Едва ли не единственное известие об успешной деятельности еврейских миссионеров в христианской среде относится к средневековой русской истории. Речь идет о так называемой ереси «жидовствующих», появившейся в Новгороде в конце XV века. Как сообщал в трактате «Просветитель» Иосиф Волоцкий, своим возникновением она была обязана стараниям ученых иудеев Схарии, Иосифа Шмойлы Скаравея и Моисея Хануша, обративших в свою веру попов Дениса и Алексея, а также других новгородцев[1].
Если в дореволюционной историографии версия «Просветителя» не оспаривалась, то лишь по причине высокого религиозного авторитета его автора. Однако историки советского времени усомнились в достоверности сведений Иосифа и его главного информатора – новгородского архиепископа Геннадия, что проявилось в отказе от традиционного термина «ересь жидовствующих» и переименовании ее в «новгородско-московскую»[2]. Причастность к ее возникновению иудейских миссионеров оспаривалась на том основании, что «на Руси почти не было своего еврейского населения»[3]. По мнению Р.Г. Скрынникова, Геннадий просто сочинил историю о «жидовине» Схарии с целью дискредитации еретиков, тем паче что новгородский владыка находился под большим впечатлением от антиеврейских акций испанской инквизиции[4]. Этот взгляд был воспринят и многими зарубежными историками.
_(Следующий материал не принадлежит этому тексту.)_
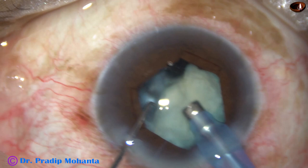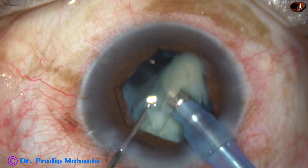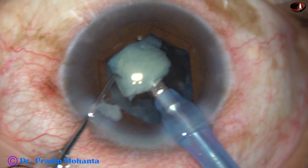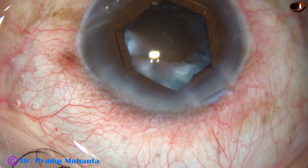Now this is the heminucleus. It is tilted and divided into pieces, then emulsified and removed. Phaco power used in this case is 45%, flow rate is 40 ml per minute, and vacuum is 400 mmHg.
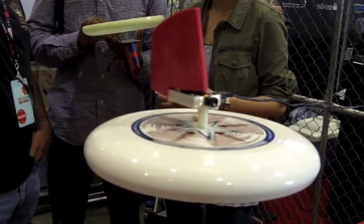Definitely check out our website, frisbeecam.com. We'll be posting updates to this project as we do more of it, and we'll be bringing these discs out to parks in the area where people can try them out. Thanks a lot. Bye.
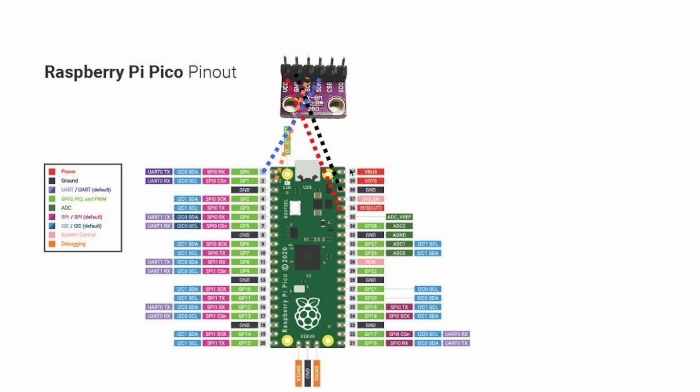Jumping to the setup for the Raspberry Pi Pico W connecting to the BME280. You're going to need four jumper wires — I'll link them in the description below. You can use a breadboard or connect straight to the Pico W. The first wire in red connects VCC from the BME280 to pin 36, and secondly you connect ground to ground, which is pin 38 on the Raspberry Pi Pico W.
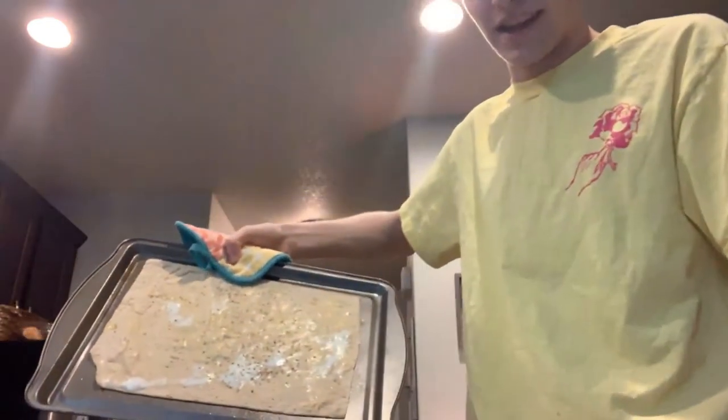We put way too much egg on there — we definitely put too much egg on there. It cooked egg on top. Well, good pizza has egg on it though, right? Open this first.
Так, по мнению Л.С. Чекина, «вопрос о постоянном еврейском присутствии на территории формирующегося Русского государства до XV в. вообще не стоит, а после этого присутствие ограничивается уникальными (в большинстве случаев спорными) случаями»[5]. А с точки зрения Ч. Гальперина (разделяемой Л.С. Чекиным), именно физическое отсутствие евреев делало «еврейскую тему» идеальным средством направления социальной агрессии в безопасное для властей русло[6].